For the records below, give the number of lines containing the word "Business" and no other text.

◆ Data to use
=== Section Start ===

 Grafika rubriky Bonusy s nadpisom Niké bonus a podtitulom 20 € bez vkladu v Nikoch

=== Section End ===
=== Section Start ===

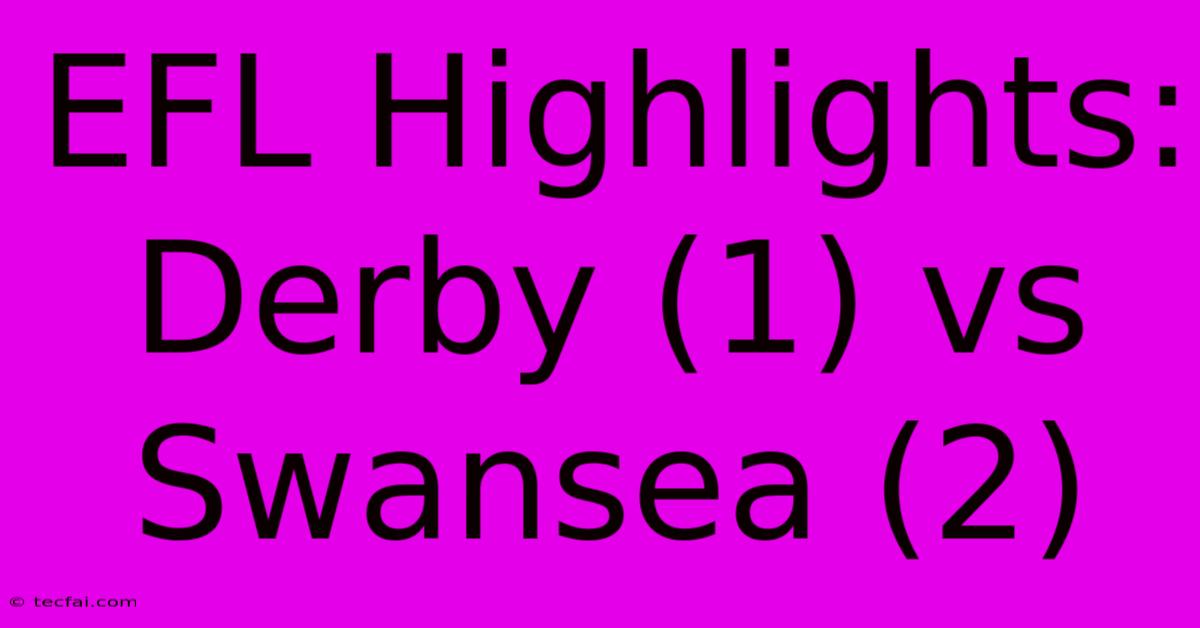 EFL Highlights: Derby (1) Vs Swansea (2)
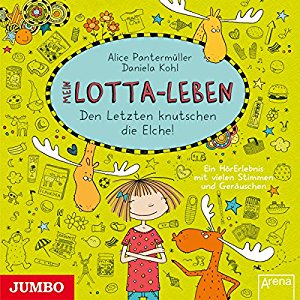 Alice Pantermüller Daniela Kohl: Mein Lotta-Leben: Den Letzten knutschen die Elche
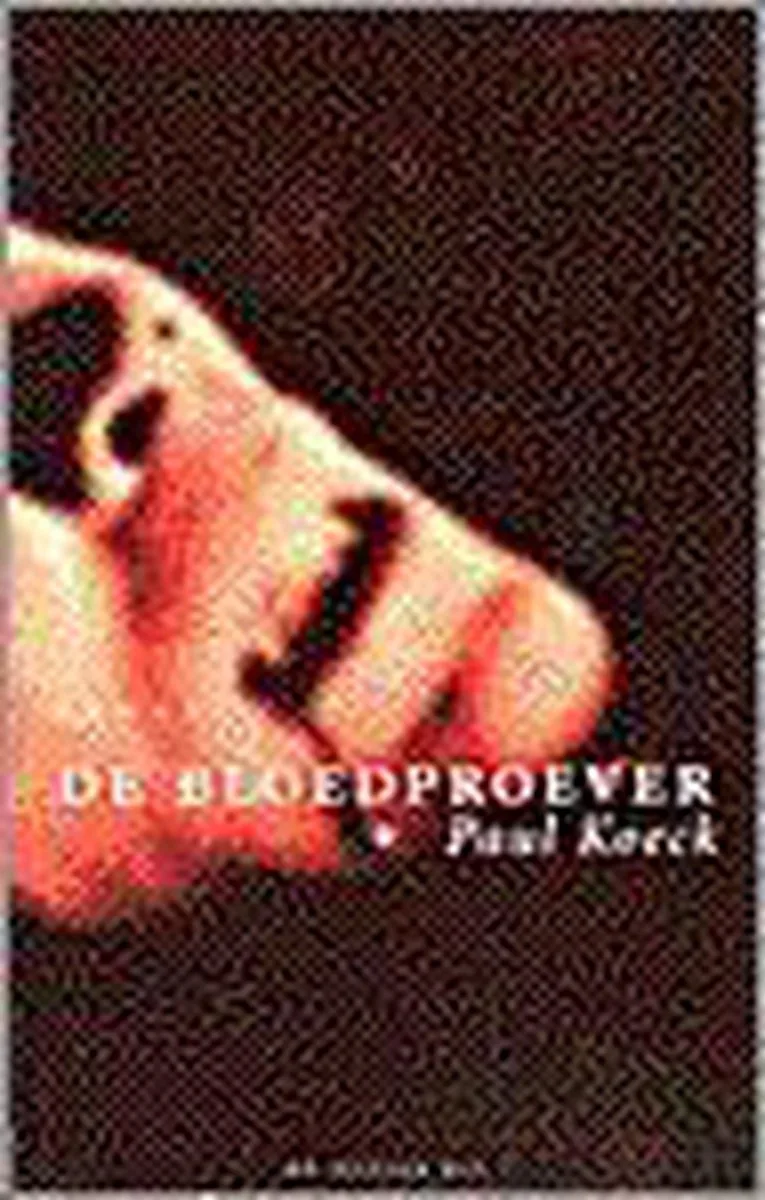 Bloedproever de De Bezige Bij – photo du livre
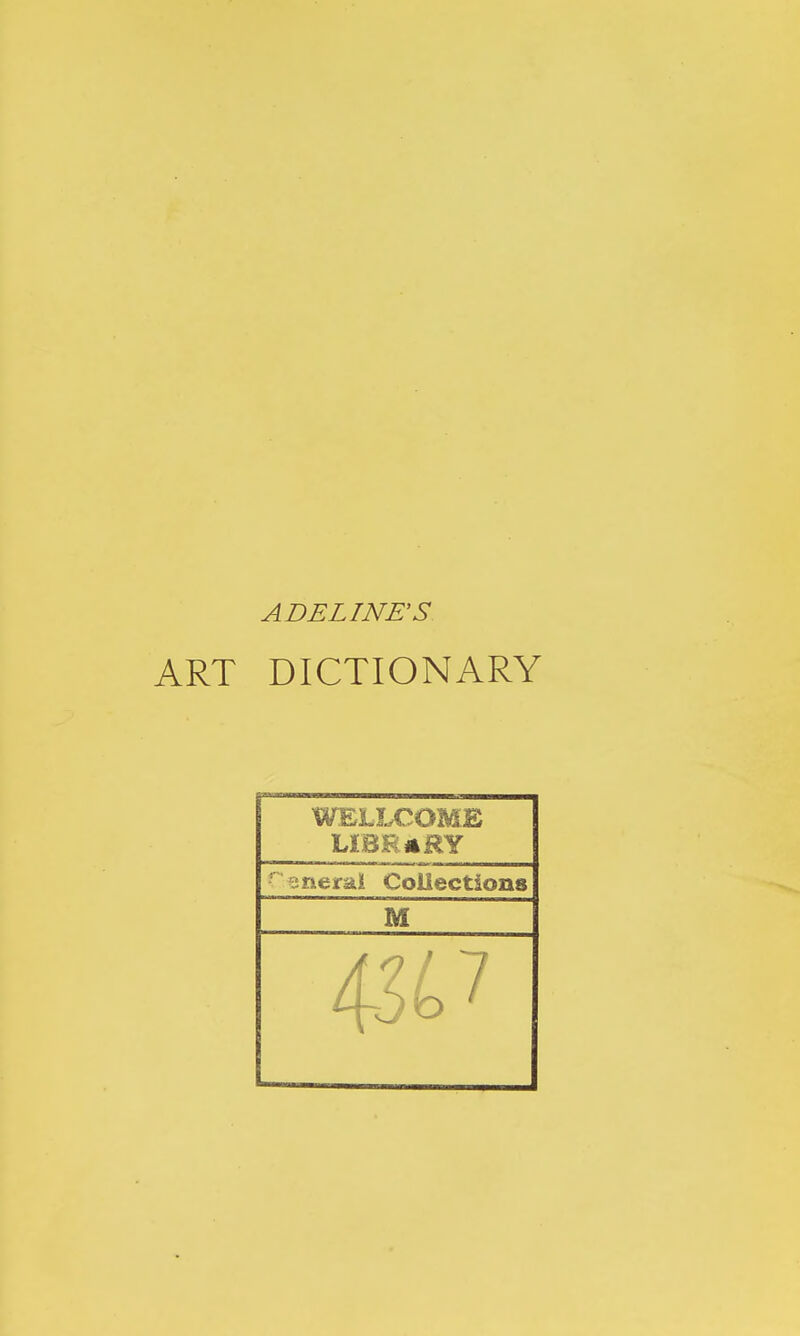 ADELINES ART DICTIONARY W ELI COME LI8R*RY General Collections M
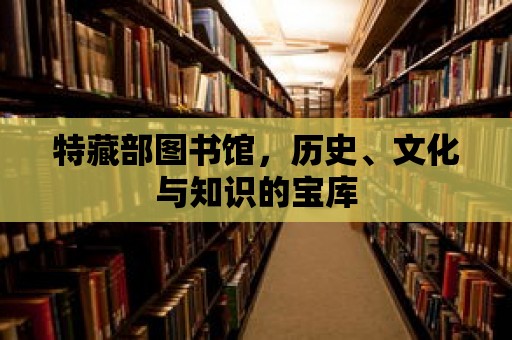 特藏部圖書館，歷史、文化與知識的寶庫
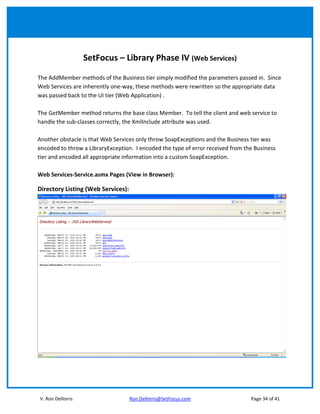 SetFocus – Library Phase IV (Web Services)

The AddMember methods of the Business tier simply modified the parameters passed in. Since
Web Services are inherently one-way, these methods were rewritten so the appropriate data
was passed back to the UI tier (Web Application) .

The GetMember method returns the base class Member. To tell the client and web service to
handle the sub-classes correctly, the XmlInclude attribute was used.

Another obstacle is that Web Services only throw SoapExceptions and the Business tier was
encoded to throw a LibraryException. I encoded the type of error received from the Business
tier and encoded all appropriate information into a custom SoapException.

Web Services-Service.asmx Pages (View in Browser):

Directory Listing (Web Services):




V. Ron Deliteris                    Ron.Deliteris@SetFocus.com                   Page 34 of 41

=== Section End ===

◆ Worked solution
3